[COLLECTED DATA]
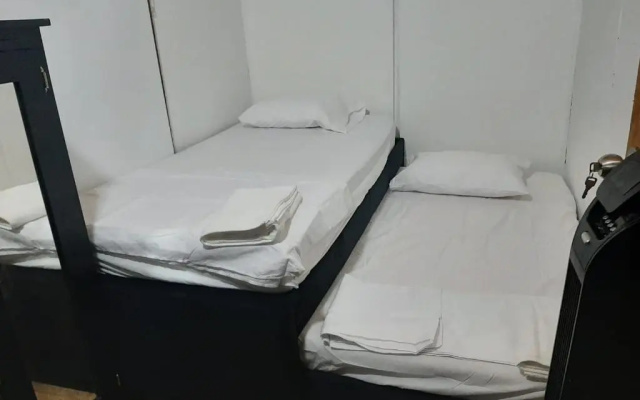 Casita familiar de campo condina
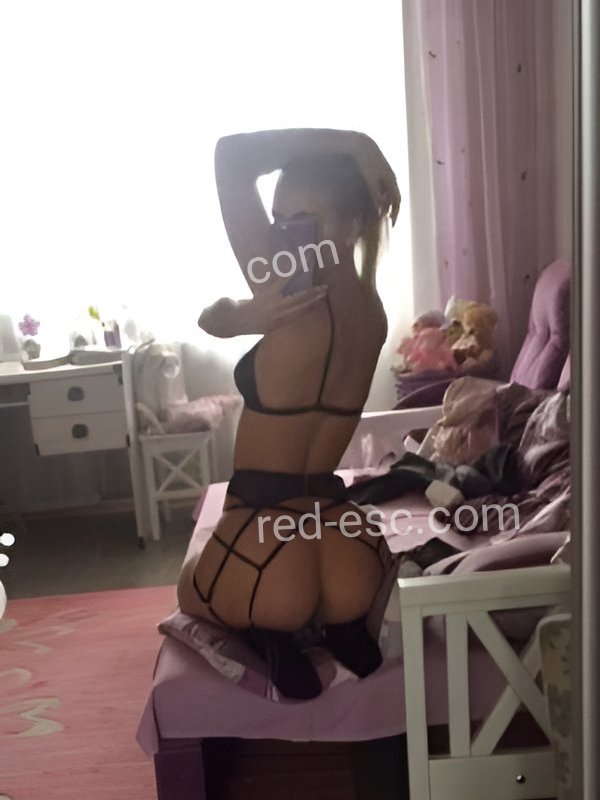 Юля — Энгельс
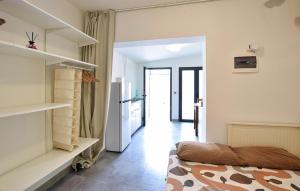 una camera da letto con un letto e un frigorifero di Stunning Apartment In Chioggia With Wifi a Chioggia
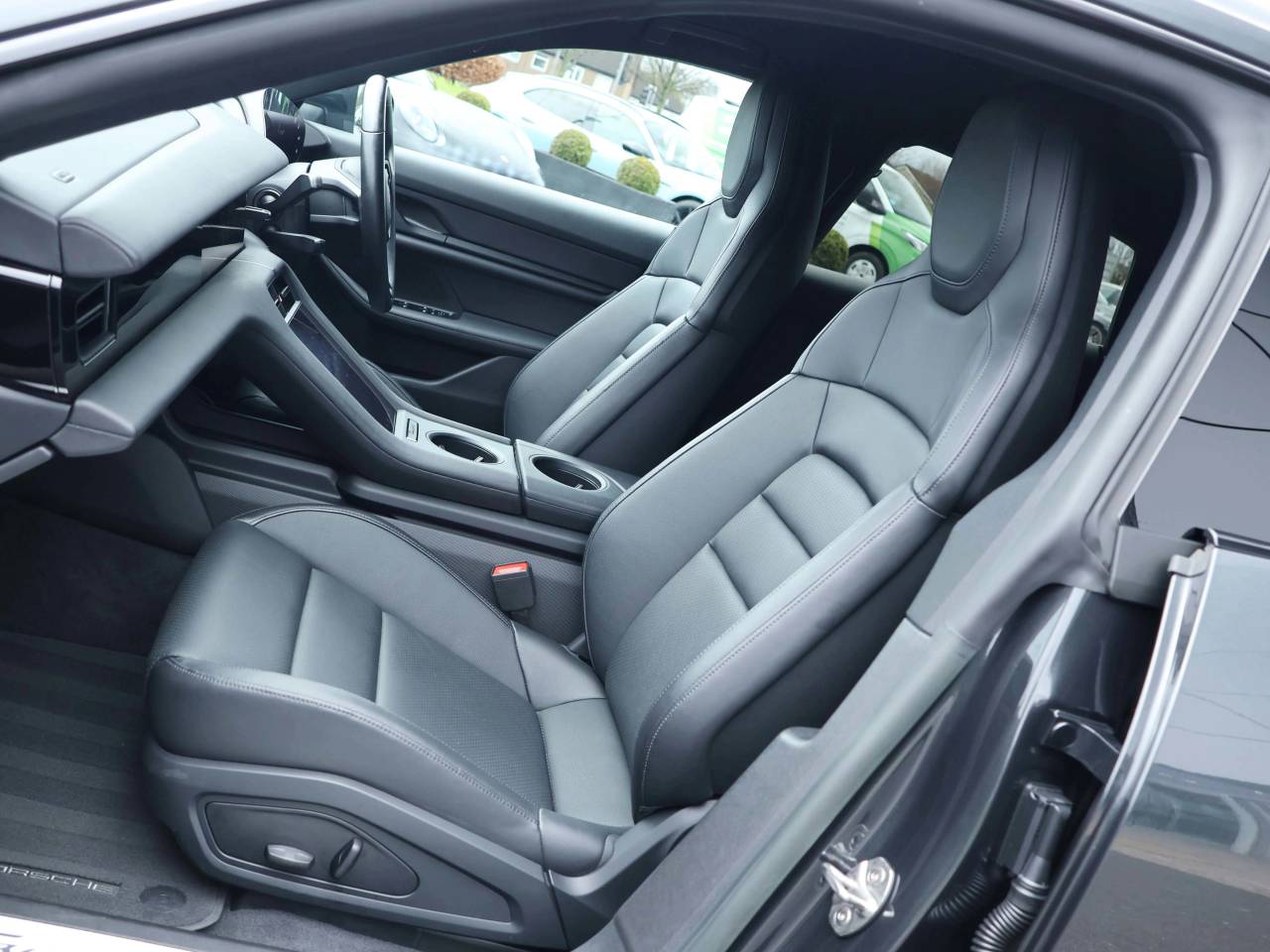 Taycan 4S CROSS TURISMO (47) image 05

[WORK INSTRUCTIONS] Set down the material exactly as given, but print none of the pictures.

[SOLUTION TO THE EXERCISE]
 Casita familiar de campo condina
 Юля — Энгельс
 una camera da letto con un letto e un frigorifero di Stunning Apartment In Chioggia With Wifi a Chioggia
 Taycan 4S CROSS TURISMO (47) image 05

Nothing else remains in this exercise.